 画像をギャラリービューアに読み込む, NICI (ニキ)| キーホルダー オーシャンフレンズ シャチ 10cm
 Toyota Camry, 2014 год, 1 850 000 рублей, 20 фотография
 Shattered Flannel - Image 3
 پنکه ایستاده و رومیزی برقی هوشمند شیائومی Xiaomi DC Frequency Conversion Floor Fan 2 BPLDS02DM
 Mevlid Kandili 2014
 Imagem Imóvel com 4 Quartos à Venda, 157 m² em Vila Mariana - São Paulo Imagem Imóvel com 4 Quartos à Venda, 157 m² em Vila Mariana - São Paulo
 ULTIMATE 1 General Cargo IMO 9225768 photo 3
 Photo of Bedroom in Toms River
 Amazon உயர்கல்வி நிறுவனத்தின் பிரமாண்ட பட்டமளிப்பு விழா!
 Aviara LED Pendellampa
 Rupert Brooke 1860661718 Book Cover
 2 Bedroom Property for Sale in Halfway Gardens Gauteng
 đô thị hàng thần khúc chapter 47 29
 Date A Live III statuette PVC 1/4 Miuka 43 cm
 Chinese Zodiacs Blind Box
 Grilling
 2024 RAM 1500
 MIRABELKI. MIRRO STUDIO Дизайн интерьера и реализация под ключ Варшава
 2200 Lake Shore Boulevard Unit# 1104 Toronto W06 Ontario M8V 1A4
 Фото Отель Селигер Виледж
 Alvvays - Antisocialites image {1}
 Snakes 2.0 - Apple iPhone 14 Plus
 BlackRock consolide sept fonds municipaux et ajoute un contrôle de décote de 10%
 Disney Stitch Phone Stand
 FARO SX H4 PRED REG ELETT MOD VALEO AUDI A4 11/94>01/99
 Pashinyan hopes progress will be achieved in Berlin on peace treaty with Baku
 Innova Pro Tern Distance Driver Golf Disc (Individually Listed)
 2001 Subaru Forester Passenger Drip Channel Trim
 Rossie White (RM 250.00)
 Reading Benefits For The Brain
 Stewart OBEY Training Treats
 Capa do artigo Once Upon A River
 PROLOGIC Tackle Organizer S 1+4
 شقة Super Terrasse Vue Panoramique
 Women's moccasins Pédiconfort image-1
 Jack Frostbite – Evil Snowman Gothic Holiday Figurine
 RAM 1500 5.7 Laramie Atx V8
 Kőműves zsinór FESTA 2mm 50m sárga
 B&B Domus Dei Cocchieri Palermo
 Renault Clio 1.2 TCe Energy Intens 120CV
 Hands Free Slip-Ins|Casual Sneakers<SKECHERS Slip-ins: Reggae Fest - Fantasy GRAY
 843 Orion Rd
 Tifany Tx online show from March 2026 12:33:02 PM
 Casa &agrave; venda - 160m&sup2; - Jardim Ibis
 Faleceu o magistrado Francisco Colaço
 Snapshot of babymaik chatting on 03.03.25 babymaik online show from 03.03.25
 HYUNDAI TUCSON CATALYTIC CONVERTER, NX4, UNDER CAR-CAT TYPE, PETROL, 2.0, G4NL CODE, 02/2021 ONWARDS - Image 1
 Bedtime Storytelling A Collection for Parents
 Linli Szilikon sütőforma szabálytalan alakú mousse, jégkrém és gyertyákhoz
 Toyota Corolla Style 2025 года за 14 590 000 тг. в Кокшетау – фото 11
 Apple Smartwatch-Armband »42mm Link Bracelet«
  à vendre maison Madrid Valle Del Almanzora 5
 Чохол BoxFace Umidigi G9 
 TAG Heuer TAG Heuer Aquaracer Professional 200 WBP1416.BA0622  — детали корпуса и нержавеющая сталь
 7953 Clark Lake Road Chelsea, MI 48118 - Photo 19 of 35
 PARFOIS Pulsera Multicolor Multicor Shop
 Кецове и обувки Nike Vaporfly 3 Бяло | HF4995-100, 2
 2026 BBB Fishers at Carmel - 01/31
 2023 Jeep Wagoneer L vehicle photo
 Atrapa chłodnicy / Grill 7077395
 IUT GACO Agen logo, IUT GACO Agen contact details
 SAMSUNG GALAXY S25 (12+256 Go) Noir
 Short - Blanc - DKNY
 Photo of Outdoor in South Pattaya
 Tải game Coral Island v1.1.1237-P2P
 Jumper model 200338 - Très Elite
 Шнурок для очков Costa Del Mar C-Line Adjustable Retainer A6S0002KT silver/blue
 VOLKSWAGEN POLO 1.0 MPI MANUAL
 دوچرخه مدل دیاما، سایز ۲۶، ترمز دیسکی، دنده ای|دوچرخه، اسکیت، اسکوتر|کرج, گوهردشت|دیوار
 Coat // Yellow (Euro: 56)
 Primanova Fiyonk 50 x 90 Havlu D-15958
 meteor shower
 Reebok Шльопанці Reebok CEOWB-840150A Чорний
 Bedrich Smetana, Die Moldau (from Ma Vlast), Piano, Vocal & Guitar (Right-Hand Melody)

········

### Problem requirements
Going through the lines above one by one, tally those with the word "online" and give only the total.

### Task solution
2